=== Recorded information ===

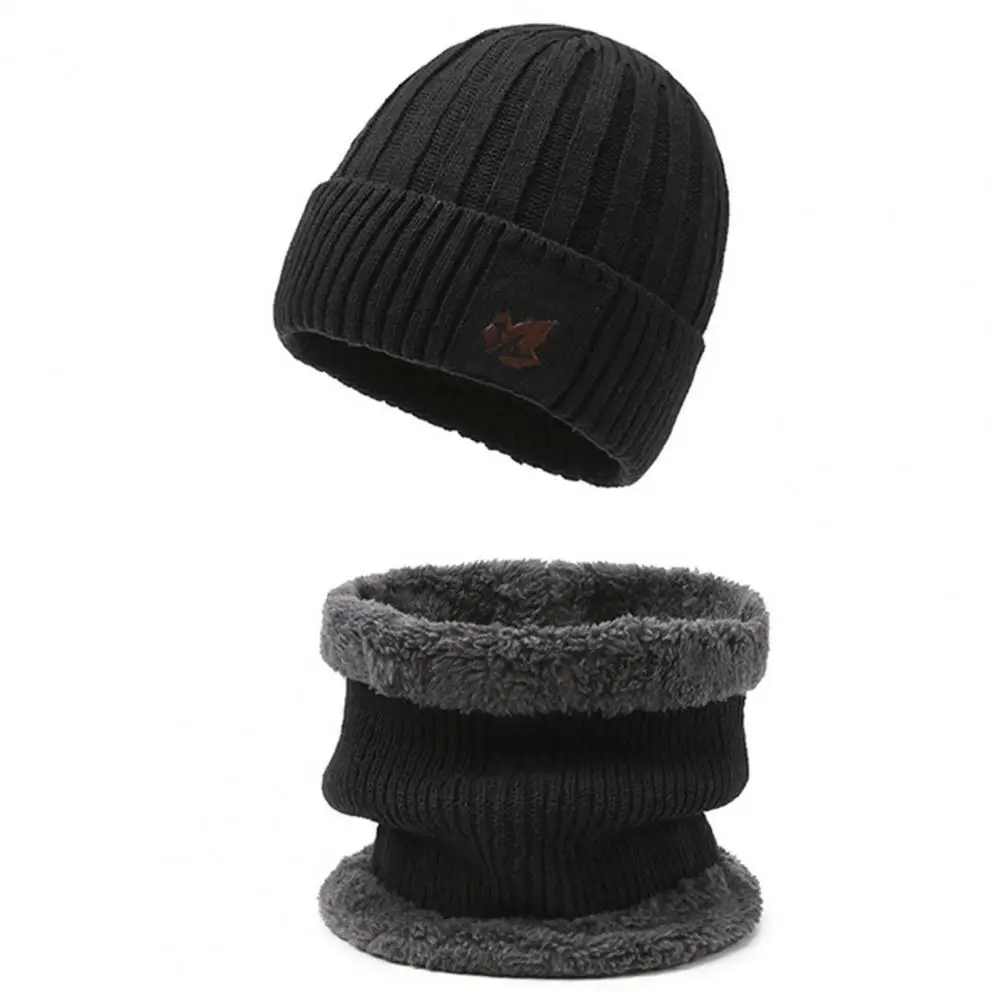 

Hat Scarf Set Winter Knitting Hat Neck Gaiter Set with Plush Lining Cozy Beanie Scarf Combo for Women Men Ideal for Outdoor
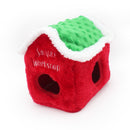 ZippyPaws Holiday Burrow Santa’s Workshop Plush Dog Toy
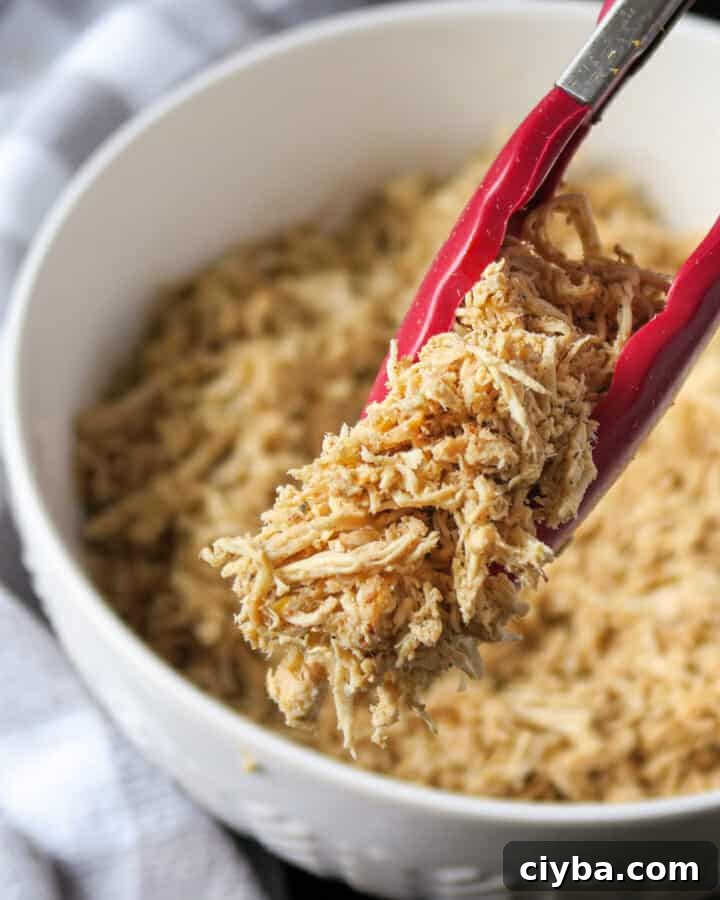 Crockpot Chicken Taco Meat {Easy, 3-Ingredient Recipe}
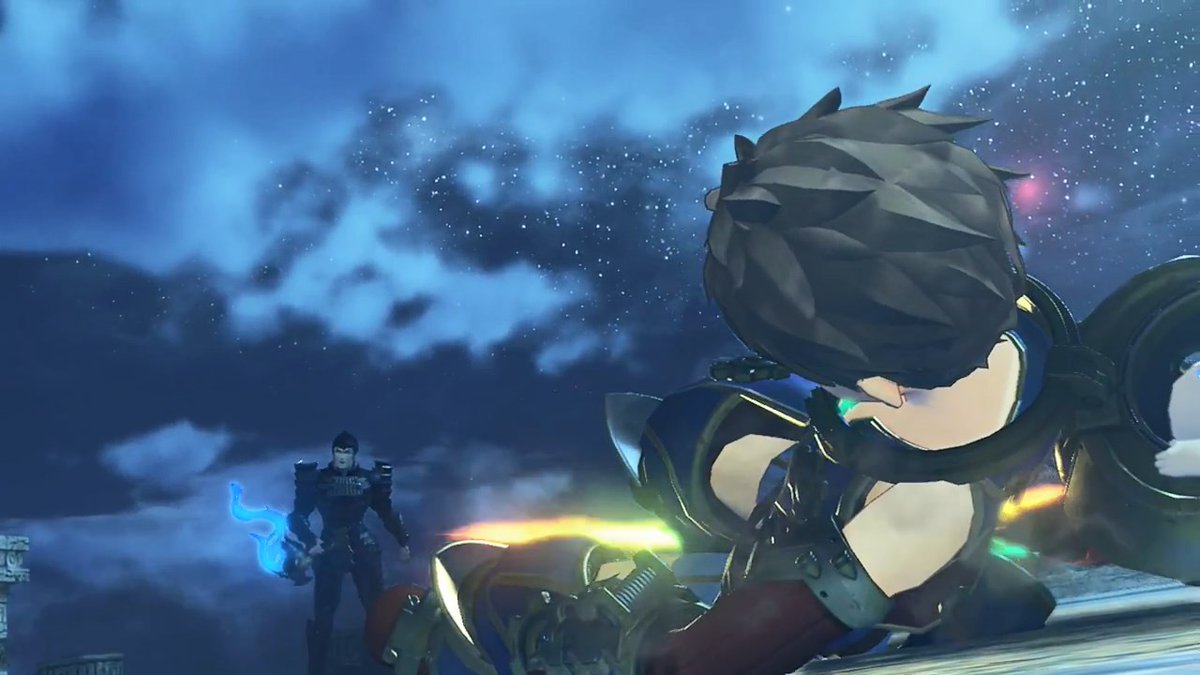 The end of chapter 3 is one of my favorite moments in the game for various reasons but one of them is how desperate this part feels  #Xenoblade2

===

#### [What you need to do]
What is needed is an exact reproduction of the data, pictures excluded.

#### [Result for this task]
Hat Scarf Set Winter Knitting Hat Neck Gaiter Set with Plush Lining Cozy Beanie Scarf Combo for Women Men Ideal for Outdoor
 ZippyPaws Holiday Burrow Santa’s Workshop Plush Dog Toy
 Crockpot Chicken Taco Meat {Easy, 3-Ingredient Recipe}
 The end of chapter 3 is one of my favorite moments in the game for various reasons but one of them is how desperate this part feels  #Xenoblade2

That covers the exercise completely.